# Radio Shack white LED



## JohnR66 (Sep 26, 2008)

Why is the price $5.49? Insane!
Is this a Nichia DS?
I still might get one to see the bightness if it is.

I bought Cree XR-E P4s for less and they were shipped free.


----------



## TigerhawkT3 (Sep 26, 2008)

The average consumer doesn't know that they can order 5mm LEDs in bulk (or singly, from DX and other similar sites) for about $0.10 a pop. Hence, stores that target the average consumer can charge whatever people are willing to pay.


----------



## jashhash (Sep 27, 2008)

i hate radio shack. Try to avoid it if possible.


----------



## Calina (Sep 29, 2008)

jashhash said:


> i hate radio shack. Try to avoid it if possible.


 
+1 
Most of their prices are highly inflated.


----------



## qwertyydude (Sep 30, 2008)

Don't you guys know? Radio Shack only sells phones


----------



## MWClint (Sep 30, 2008)

the new high brightness leds from rat shack are 2 for 1.99 (#276-017)
which are brighter than the older 1 led for 5$ (#276-320).


----------



## Calina (Sep 30, 2008)

MWClint said:


> the new high brightness leds from rat shack are 2 for 1.99 (#276-017)
> which are brighter than the older 1 led for 5$ (#276-320).


 
Wow! That is only a dollar per led...


----------



## JohnR66 (Oct 1, 2008)

*Bought 'em!*

I stopped by and picked up the two pack just to try them out. They are 30Deg, so not too hot for flashlights but the interesting thing is, the color temp. Both are around 4000K so are a slightly warm white color.

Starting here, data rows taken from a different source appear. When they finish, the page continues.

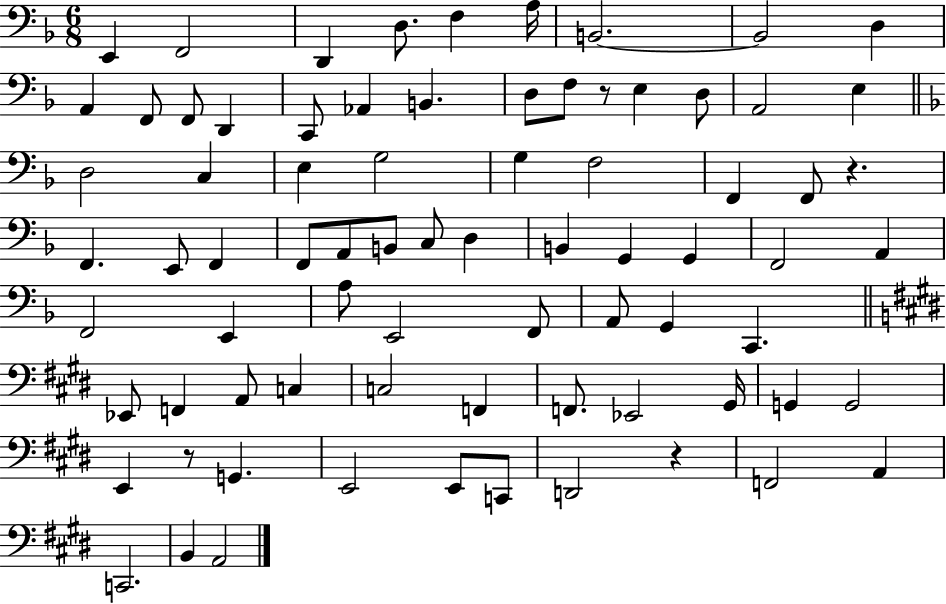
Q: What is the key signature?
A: F major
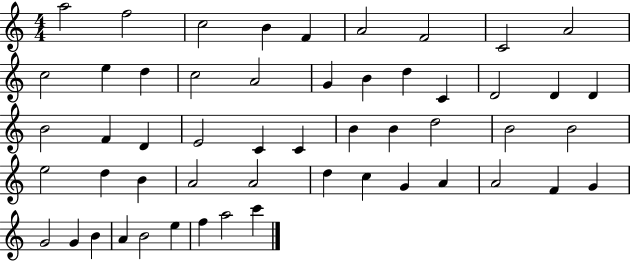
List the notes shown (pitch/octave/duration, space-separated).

A5/h F5/h C5/h B4/q F4/q A4/h F4/h C4/h A4/h C5/h E5/q D5/q C5/h A4/h G4/q B4/q D5/q C4/q D4/h D4/q D4/q B4/h F4/q D4/q E4/h C4/q C4/q B4/q B4/q D5/h B4/h B4/h E5/h D5/q B4/q A4/h A4/h D5/q C5/q G4/q A4/q A4/h F4/q G4/q G4/h G4/q B4/q A4/q B4/h E5/q F5/q A5/h C6/q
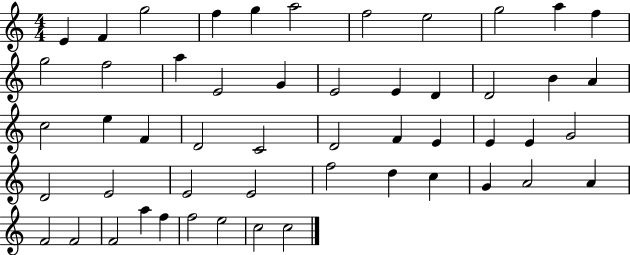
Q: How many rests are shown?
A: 0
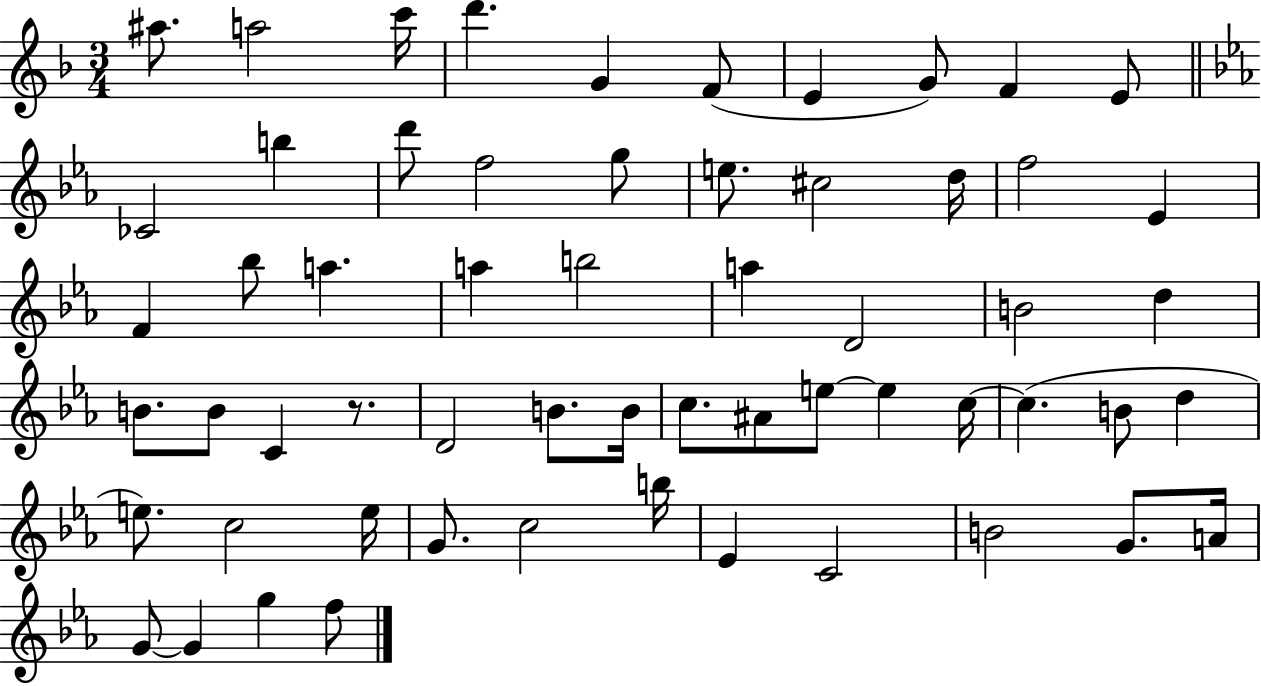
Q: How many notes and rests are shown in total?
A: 59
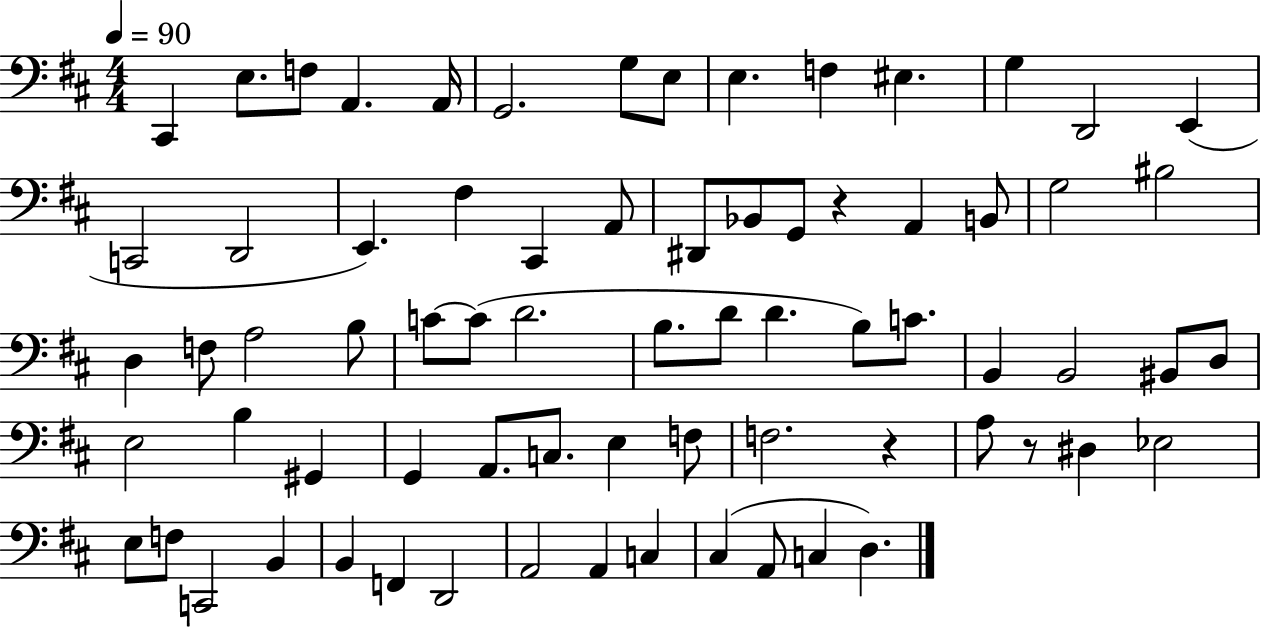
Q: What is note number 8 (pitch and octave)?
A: E3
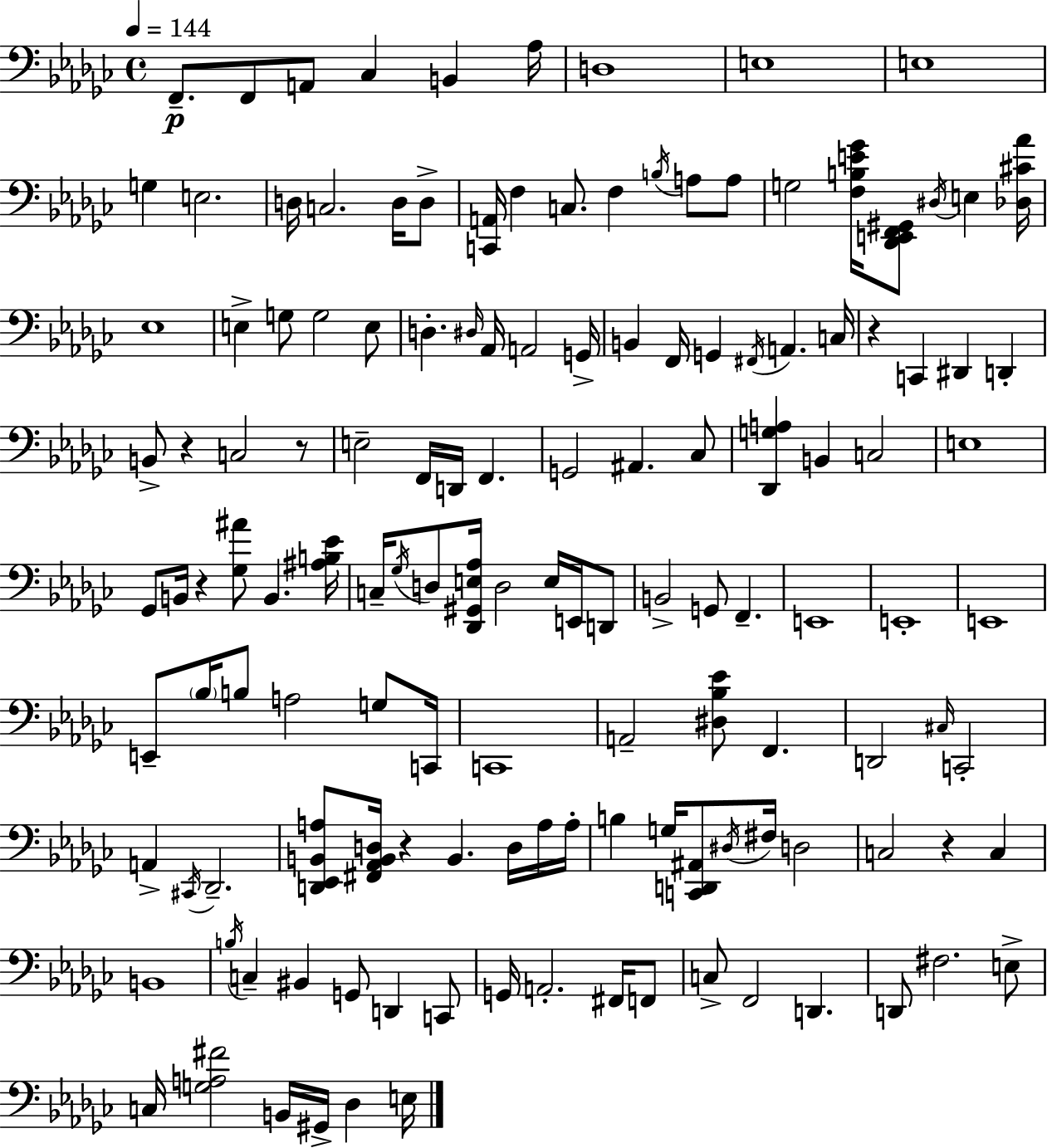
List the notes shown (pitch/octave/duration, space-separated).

F2/e. F2/e A2/e CES3/q B2/q Ab3/s D3/w E3/w E3/w G3/q E3/h. D3/s C3/h. D3/s D3/e [C2,A2]/s F3/q C3/e. F3/q B3/s A3/e A3/e G3/h [F3,B3,E4,Gb4]/s [Db2,E2,F2,G#2]/e D#3/s E3/q [Db3,C#4,Ab4]/s Eb3/w E3/q G3/e G3/h E3/e D3/q. D#3/s Ab2/s A2/h G2/s B2/q F2/s G2/q F#2/s A2/q. C3/s R/q C2/q D#2/q D2/q B2/e R/q C3/h R/e E3/h F2/s D2/s F2/q. G2/h A#2/q. CES3/e [Db2,G3,A3]/q B2/q C3/h E3/w Gb2/e B2/s R/q [Gb3,A#4]/e B2/q. [A#3,B3,Eb4]/s C3/s Gb3/s D3/e [Db2,G#2,E3,Ab3]/s D3/h E3/s E2/s D2/e B2/h G2/e F2/q. E2/w E2/w E2/w E2/e Bb3/s B3/e A3/h G3/e C2/s C2/w A2/h [D#3,Bb3,Eb4]/e F2/q. D2/h C#3/s C2/h A2/q C#2/s Db2/h. [D2,Eb2,B2,A3]/e [F#2,Ab2,B2,D3]/s R/q B2/q. D3/s A3/s A3/s B3/q G3/s [C2,D2,A#2]/e D#3/s F#3/s D3/h C3/h R/q C3/q B2/w B3/s C3/q BIS2/q G2/e D2/q C2/e G2/s A2/h. F#2/s F2/e C3/e F2/h D2/q. D2/e F#3/h. E3/e C3/s [G3,A3,F#4]/h B2/s G#2/s Db3/q E3/s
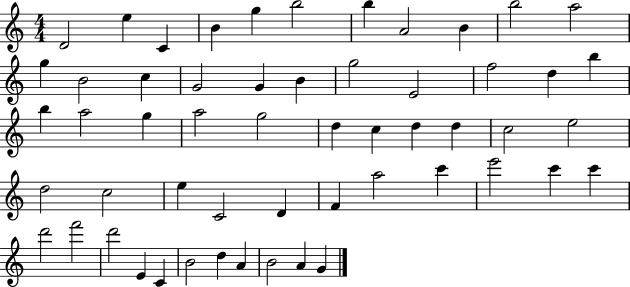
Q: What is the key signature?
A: C major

If anyone tries them, post back if your's were like mine.


----------



## SirVette (Oct 16, 2008)

MWClint said:


> the new high brightness leds from rat shack are 2 for 1.99 (#276-017)
> which are brighter than the older 1 led for 5$ .


276-017
http://www.radioshack.com/product/index.jsp?productId=3060980&cp= 

High visibility, 5mm Round T-1 3/4 
Intensity 7000mcd (typical);viewing angle 30° 
FW current 25mA; FW supply 3.3 (typical), 3.6V (maximum)



JohnR66 said:


> *Bought 'em!*
> I stopped by and picked up the two pack just to try them out. They are 30Deg, so not too hot for flashlights but the interesting thing is, the color temp. Both are around 4000K so are a slightly warm white color.


 
Are you going to try it as a direct drive replacement of a bi-pin bulb in a flashlight? 
Any comments on how well it would work in a 2 AA flashlight?


----------



## Lynx_Arc (Oct 16, 2008)

go to a dollar store and buy a light with LEDs in it. 7kmcd is kinda weak these days for white LEDs most are 14-25k


----------



## JohnR66 (Oct 16, 2008)

Lynx_Arc said:


> go to a dollar store and buy a light with LEDs in it. 7kmcd is kinda weak these days for white LEDs most are 14-25k


 
I think the output seems lower because they moderate wide angle, so they don't show a bright spot like the focused ones do. That is my understanding of mcd ratings. They seem just as bright as the other 5mm I've played with if total output is considered.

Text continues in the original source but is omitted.